Fortunately there has always been a tradition in Church History that favoured inclusion rather than exclusion as a way of keeping the Community united – it was the way of patient love. One time St. Boniface who was busy reforming the Church in France wrote to the Pope complaining about some of the bishops who were keeping two or three concubines living with them. He asked if he should stop visiting and eating with them. The Pope said: by no means; sometimes more good can be accomplished by sharing a meal with them than by rebuking them and withdrawing. Francis of Assisi in his rule said that the friars who would be going among the Moslems could go as “silent witnesses” of their faith or as preachers of the faith. If they went as the latter they should expect martyrdom. However, he said the friars must always preach Christ –- and use words only if necessary. Pope Francis has continued in this tradition of not judging but rather strengthening the unity of the community through love and acceptance.

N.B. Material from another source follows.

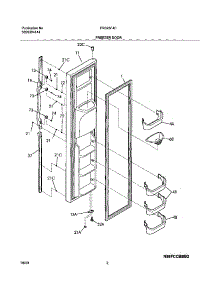 03 - Freezer Door parts for Frigidaire Refrigerator FRS23F4CQ2 from AppliancePartsPros.com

In the summer of 1961 I was studying French in Grenoble, living in one of the poorest parishes in the diocese with a most remarkable priest. Our Church was a two-car garage; our living quarters were wooden shacks. But he was already anticipating many of the changes that would come with Vatican II. We said Mass facing the people. Most of the Mass was said in French. The sacraments were celebrated in a way that was relevant to the participants. We would often have dinner with parishioners (since we had no kitchen!). So when I saw him again in 1975 I said to him: Robert, you have always been ahead of the institutional Church; what should I prepare myself for? One of the things he stressed was that the Church must become a “welcoming community”. He said that there were times in history when the Church had to be the teacher and the disciplinarian, but today the Church must be a welcoming community because people in this age will be more in need of being loved than in many other ages. How right he was.